=== Task prompt ===
Could you repeat every record below exactly, leaving out the pictures?

[[ Material supplied, beginning ]]

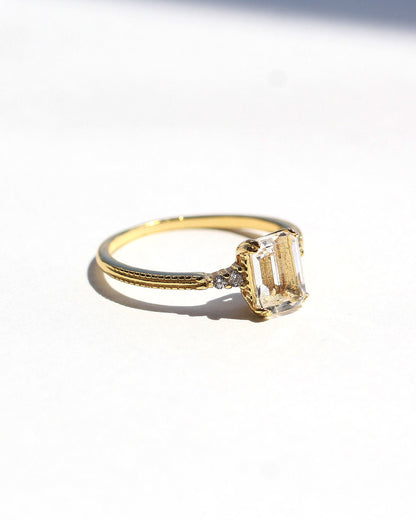 Crystal square ring | 水晶 リング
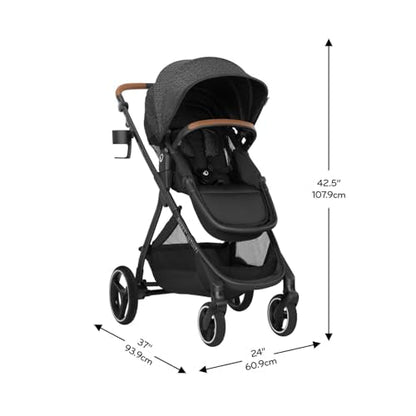 Evenflo Shyft Intuiti travel system with Revolve180 LiteMax NXT infant car seat in Fossil Gray, lightweight and suitable for preemies and infants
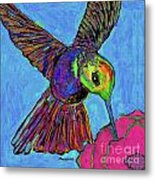 Hummingbird On Blue Metal Print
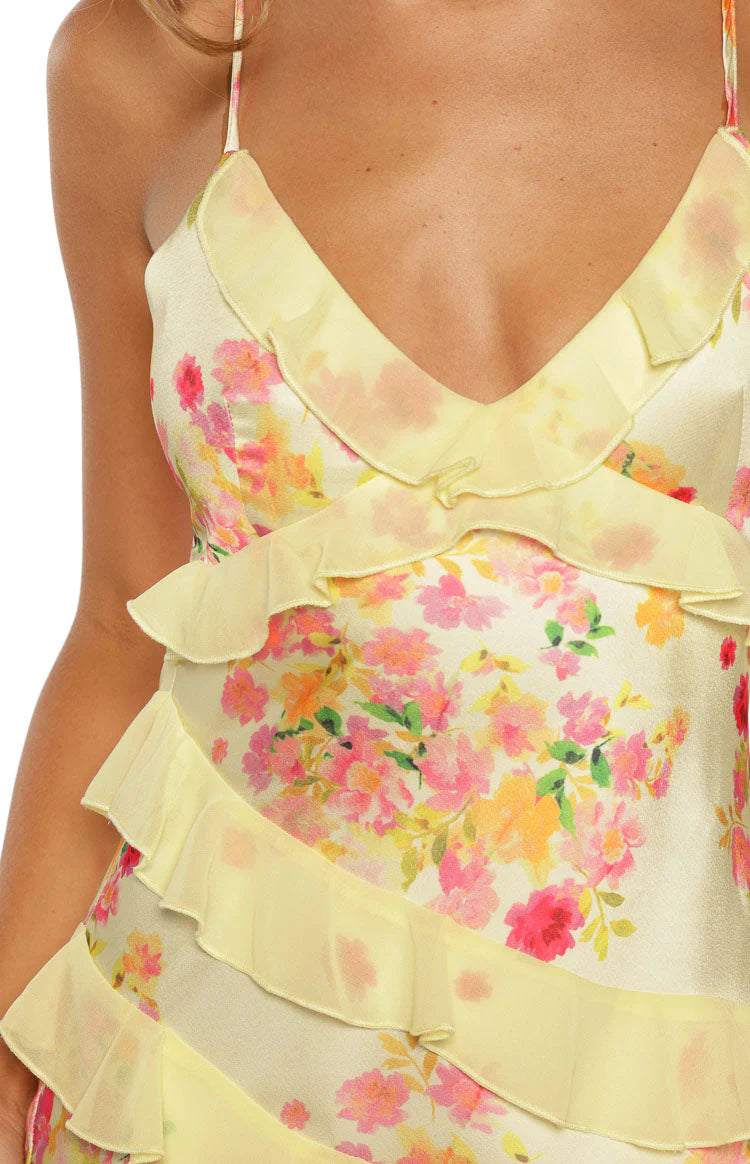 Elegant Spaghetti Strap Open Back Floral Print Ruffle Maxi Dress For Formal Evening Brunch Wedding Guest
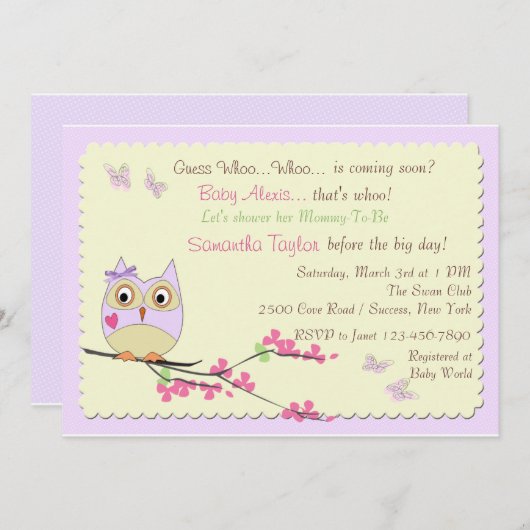 Uitnodiging tot het Baby shower van Owl en Butterf (Voorkant / Achterkant)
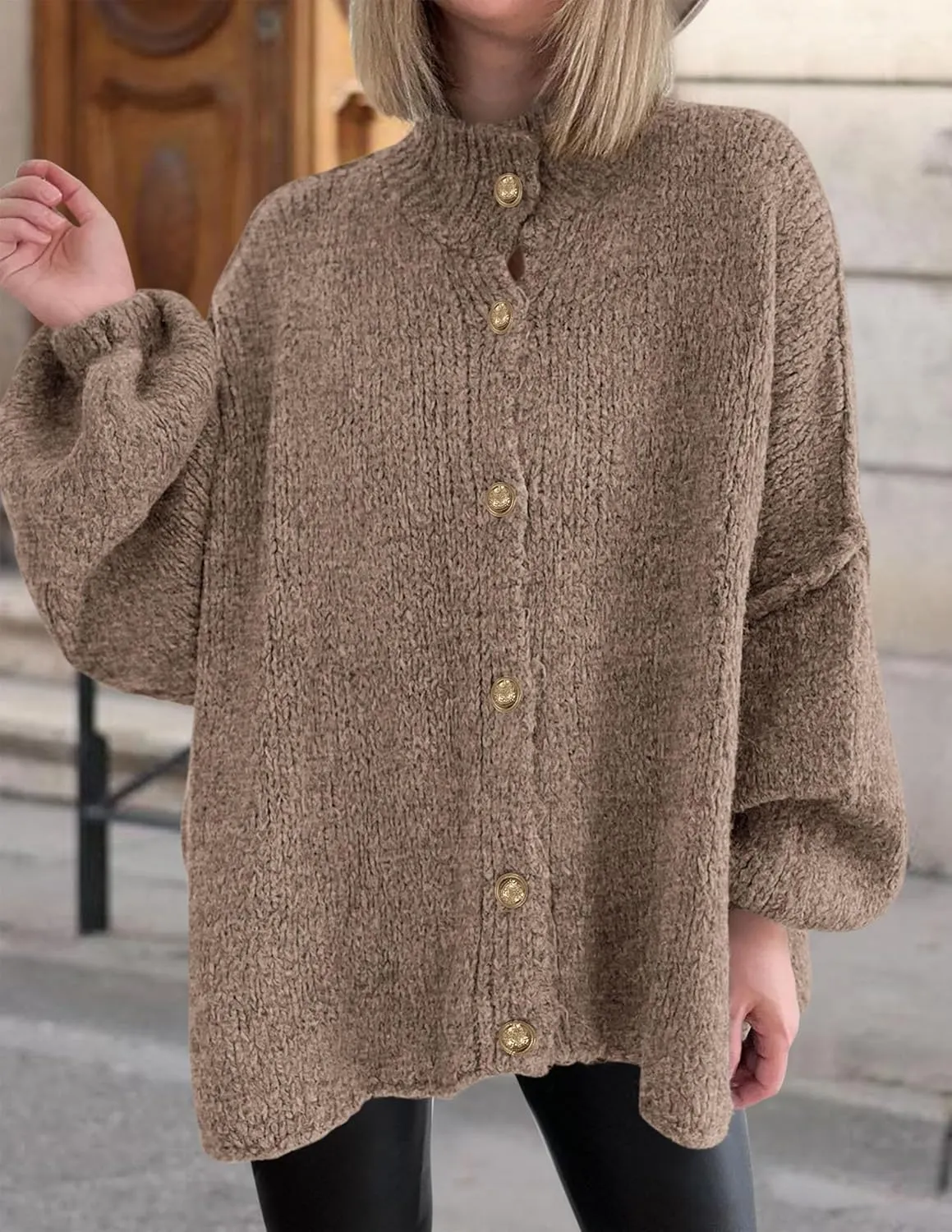 PRETTYGARDEN Women's Winter Button Down Cardigan Sweaters Mock Neck Lantern Long Sleeve Chunky Knit Jacket Trendy Outerwear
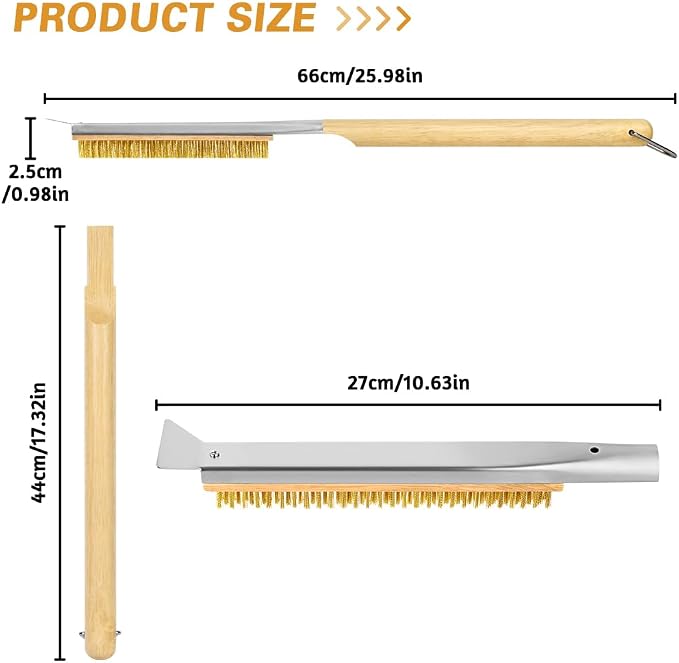 Pizza Oven Brush, BBQ Grill Cleaning Brush Non Scratch Heat Proof Brass Bristles - Image 2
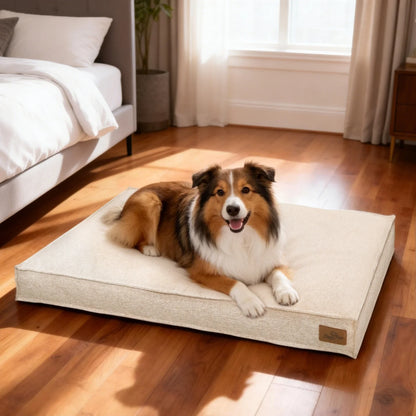 CozyCrate Orthopedic Linen Dog Bed Pad – Ultra-Soft Removable Washable Kennel Mat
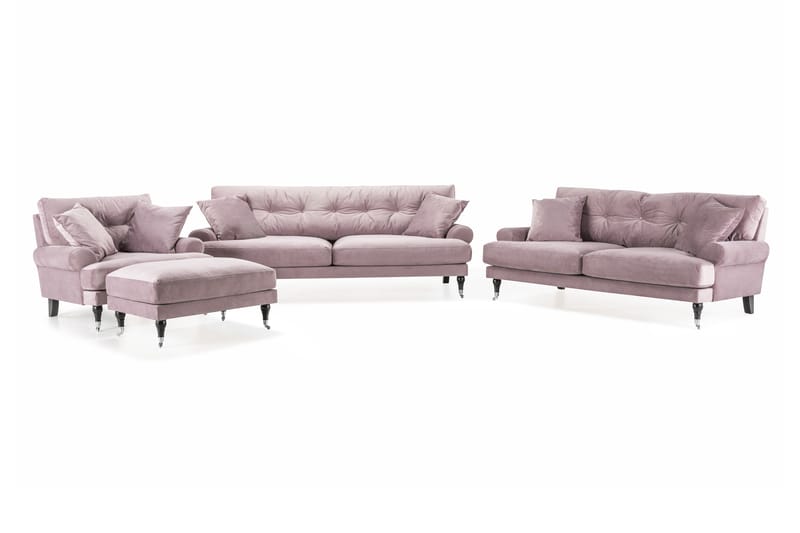 Andrew Soffgrupp 3-sits + 2-sits Soffa + Fåtölj + Fotpall i Sammet - Lila - Möbler - Soffa - Soffgrupp - Howard soffgrupp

[[ Material supplied, end ]]

=== Exercise answer ===
 Crystal square ring | 水晶 リング
 Evenflo Shyft Intuiti travel system with Revolve180 LiteMax NXT infant car seat in Fossil Gray, lightweight and suitable for preemies and infants
 Hummingbird On Blue Metal Print
 Elegant Spaghetti Strap Open Back Floral Print Ruffle Maxi Dress For Formal Evening Brunch Wedding Guest
 Uitnodiging tot het Baby shower van Owl en Butterf (Voorkant / Achterkant)
 PRETTYGARDEN Women's Winter Button Down Cardigan Sweaters Mock Neck Lantern Long Sleeve Chunky Knit Jacket Trendy Outerwear
 Pizza Oven Brush, BBQ Grill Cleaning Brush Non Scratch Heat Proof Brass Bristles - Image 2
 CozyCrate Orthopedic Linen Dog Bed Pad – Ultra-Soft Removable Washable Kennel Mat
 Andrew Soffgrupp 3-sits + 2-sits Soffa + Fåtölj + Fotpall i Sammet - Lila - Möbler - Soffa - Soffgrupp - Howard soffgrupp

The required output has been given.